In the field of image segmentation, traditional methods primarily focus on texture segmentation or semantic segmentation based on visual cues. This paper introduces a new category called sub-semantic image segmentation, which blurs the line between the two. In sub-semantic image segmentation, language is not used to name whole objects; instead, it partitions an image into stable appearance patterns that can be described by language. To achieve this, we couple a general-purpose vision-language model with SAM 3, a promptable segmentation backbone whose native text pathway can ground rich descriptions into masks.
However, simple coupling fails for several reasons we identify in the paper, and we overcome them by introducing DETECTURE, which addresses three concrete failure modes: language leakage between texture regions, prompt competition inside the segmentation backbone, and semantic distortion at the language-to-mask interface.
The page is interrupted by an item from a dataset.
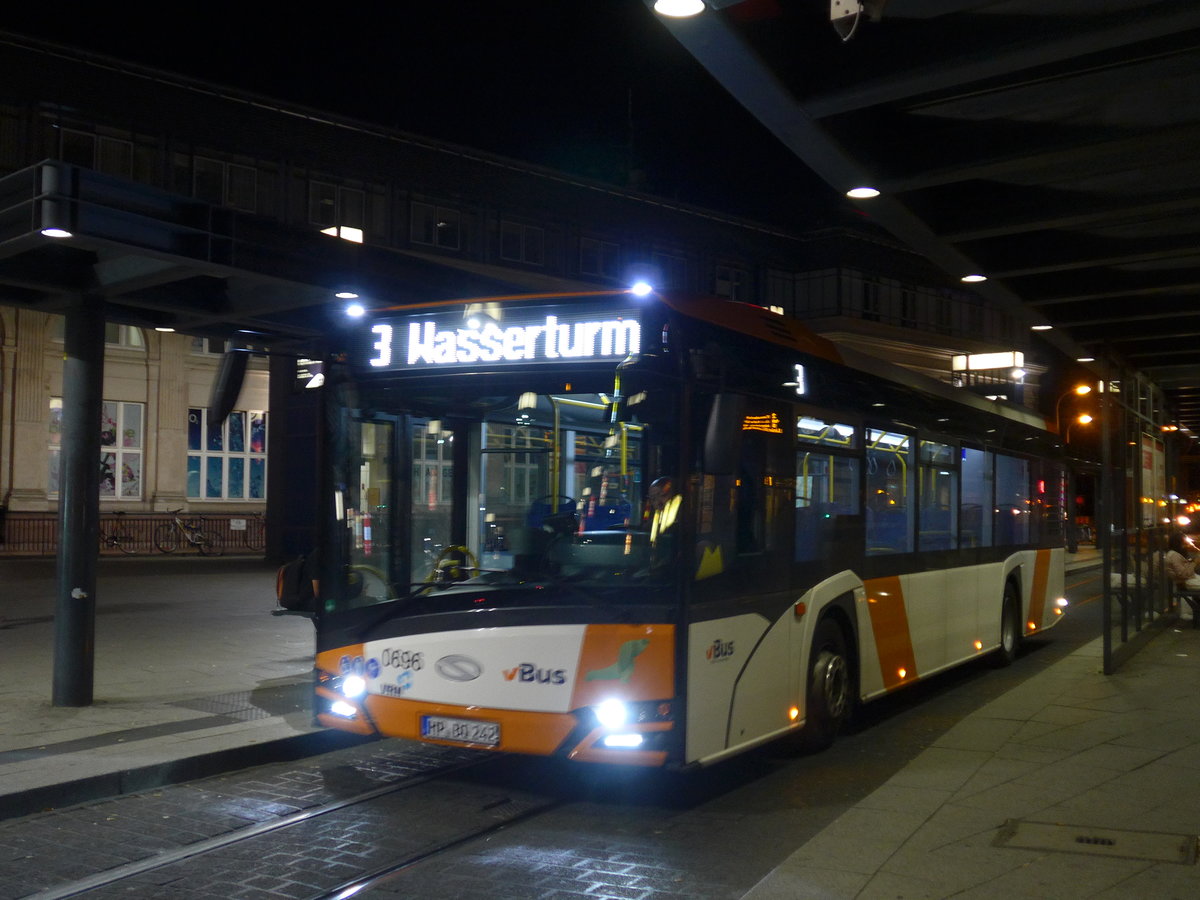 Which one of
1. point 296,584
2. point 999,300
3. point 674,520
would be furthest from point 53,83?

Since there is no dataset for sub-semantic image segmentation, we introduce a new dataset called TextureADE, derived from the ADE20K dataset using a system we designed.
We compare DETECTURE to several baselines and find that it achieves the strongest performance on various datasets using different metrics. The code is available at GitHub.
Blogger's Review: The introduction of sub-semantic image segmentation opens new avenues in image processing, particularly in fine-grained visual understanding. The innovative approach of combining language and vision marks a significant advancement in segmentation technology, and we look forward to its wide application in real-world scenarios.